→ **REQUIRED WORK**:
Leaving out all pictures, restate word for word the lines from the one with "Make It Count" through the last line of the entries.
▬▬▬▬▬▬▬▬▬▬
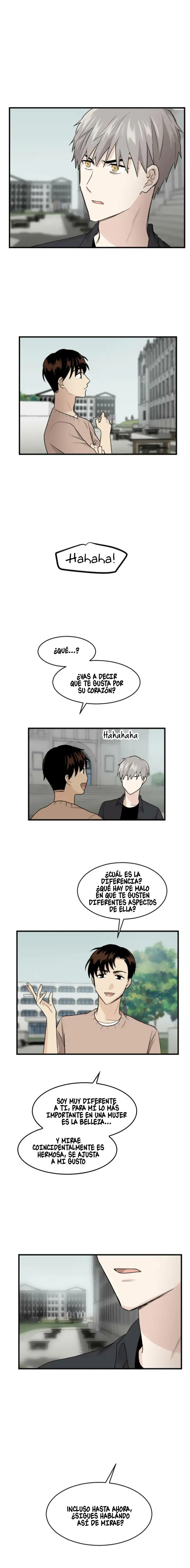 ¡La belleza de Gangnam! - Capítulo 52 - Página 8 - LectorTMOo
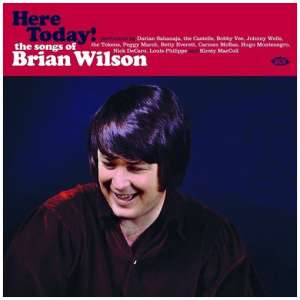 Here Today!: The Songs of Brian Wilson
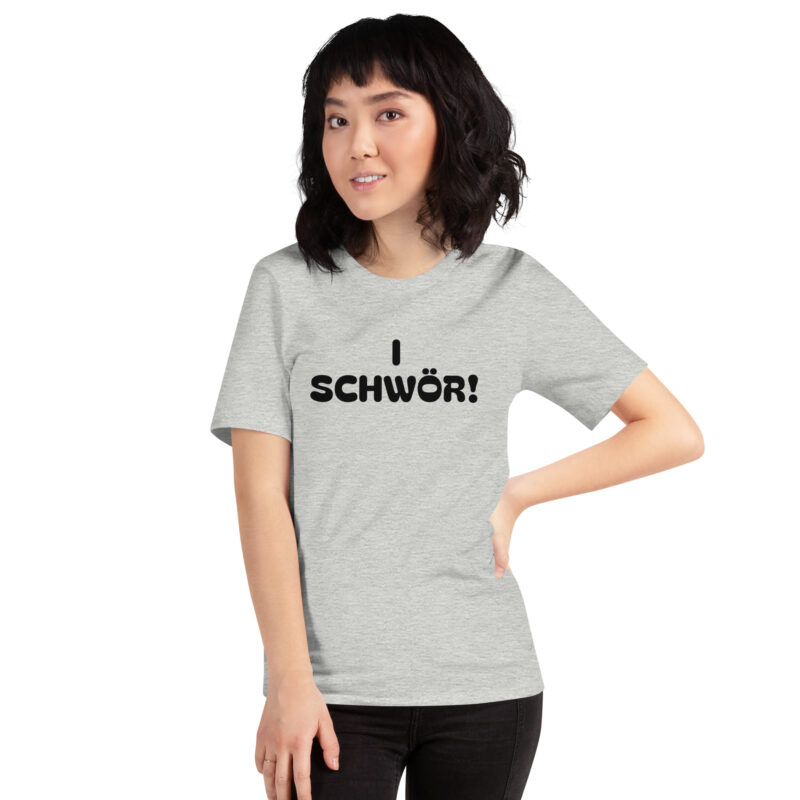 I Schwör! Unisex-T-Shirt – T-Shirts – klamottn.de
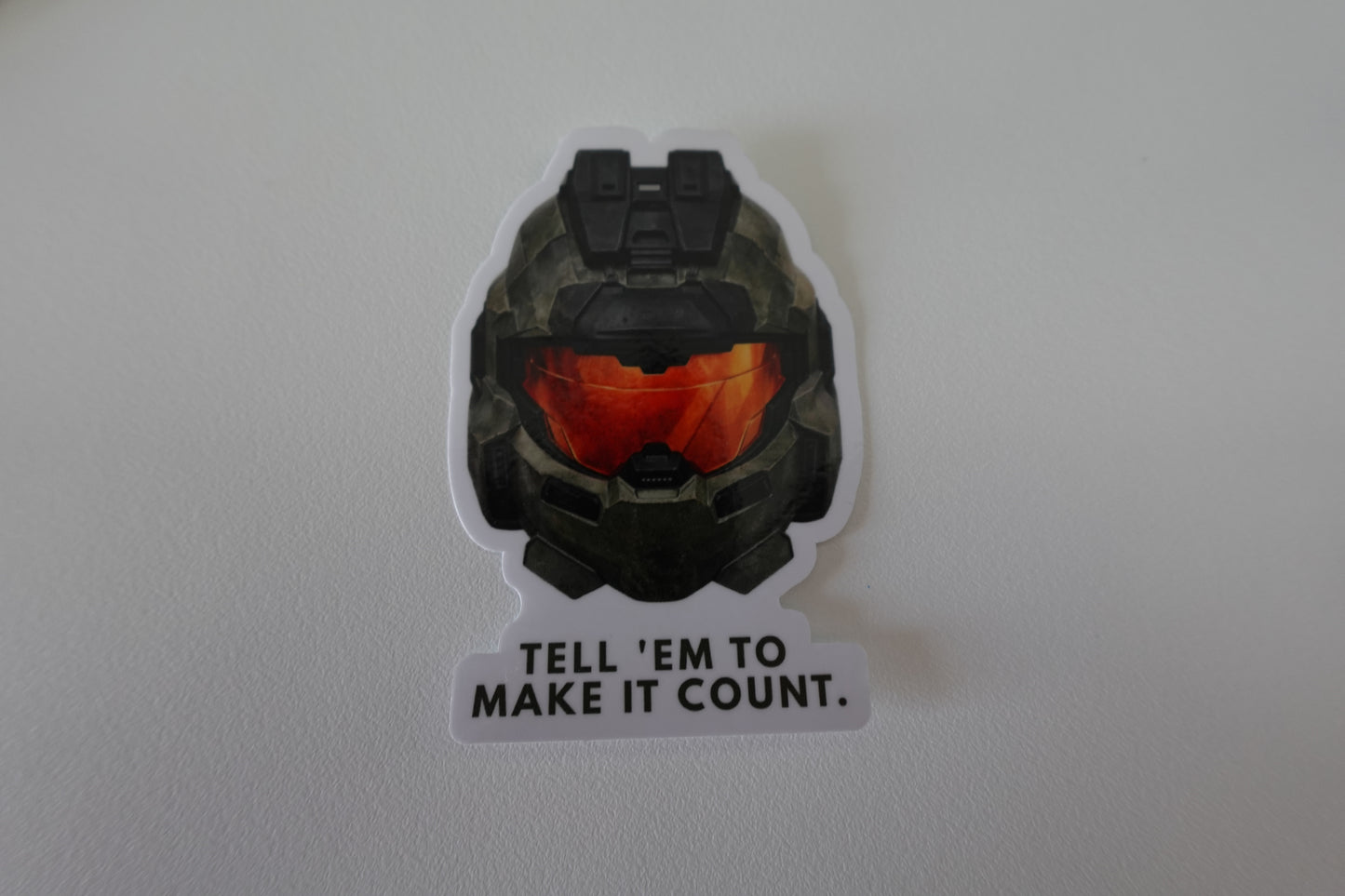 Make It Count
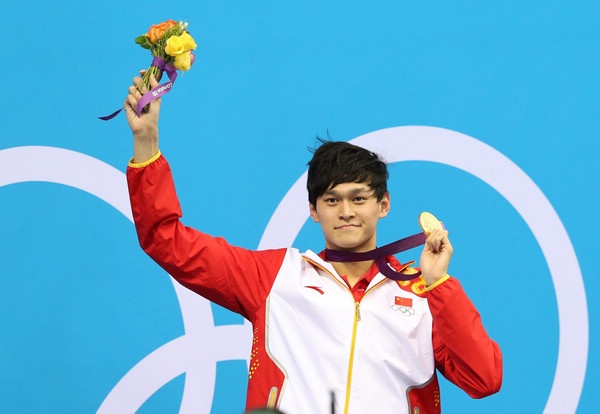 Sun Yang lên tiếng xin lỗi vì đã chê quốc ca Nhật Bản nhưng sau đó cũng chống chế vì cho rằng mình bị hiểu lầm.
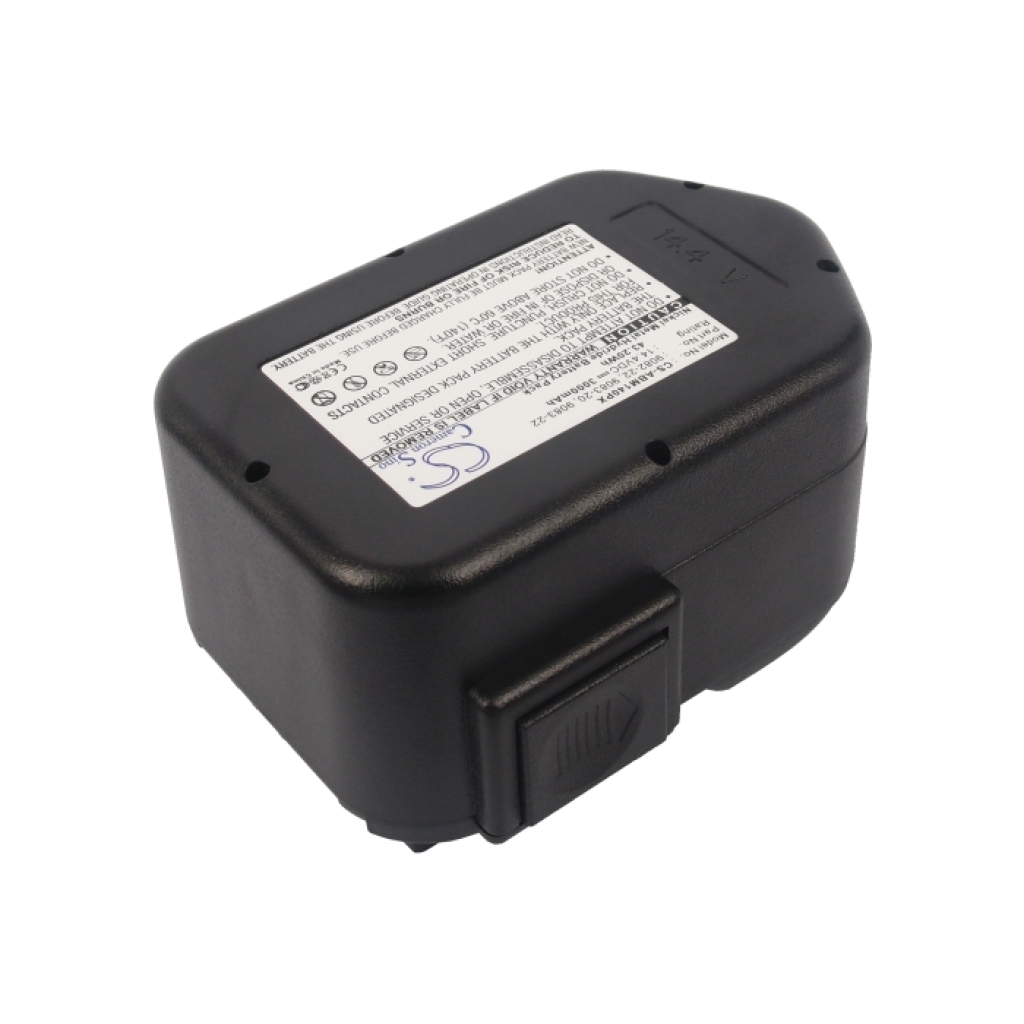 Battery Replaces 6562-23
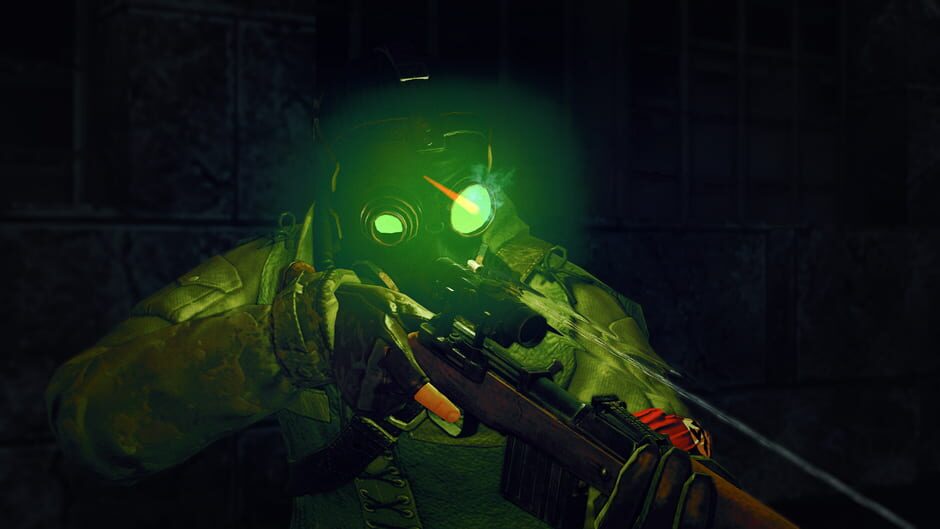 Sniper Elite: Nazi Zombie Army screenshot 3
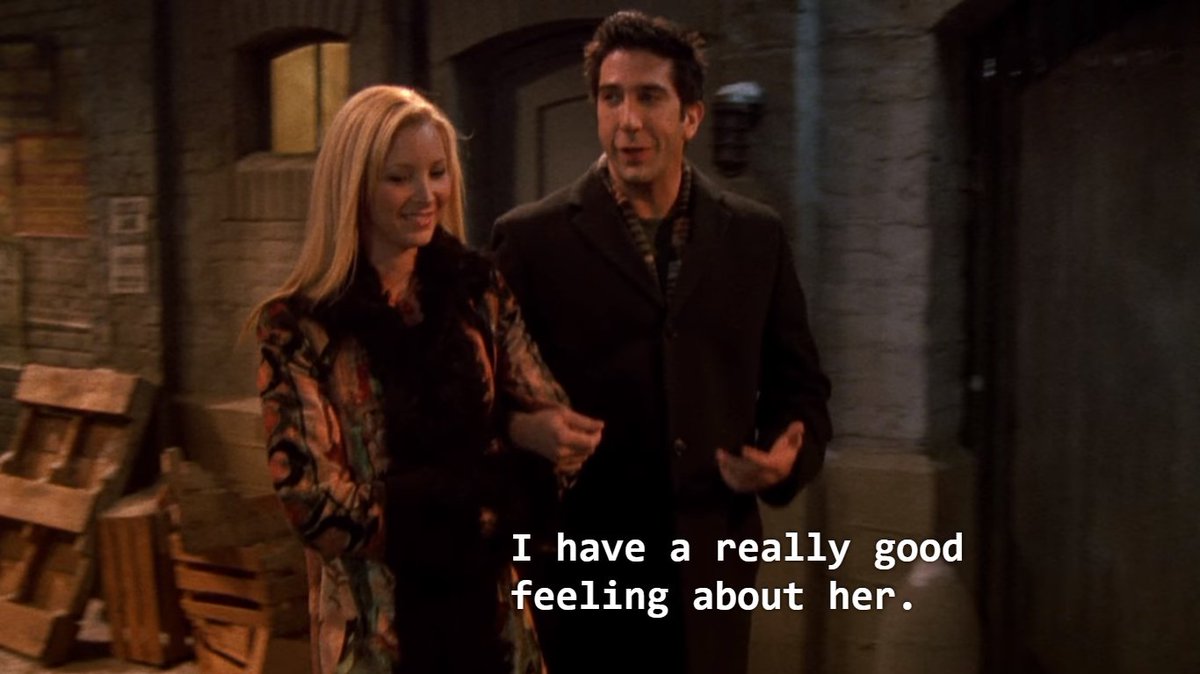 out of context friends tweet media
▬▬▬▬▬▬▬▬▬▬
→ **WORKED SOLUTION**:
 Make It Count
 Sun Yang lên tiếng xin lỗi vì đã chê quốc ca Nhật Bản nhưng sau đó cũng chống chế vì cho rằng mình bị hiểu lầm.
 Battery Replaces 6562-23
 Sniper Elite: Nazi Zombie Army screenshot 3
 out of context friends tweet media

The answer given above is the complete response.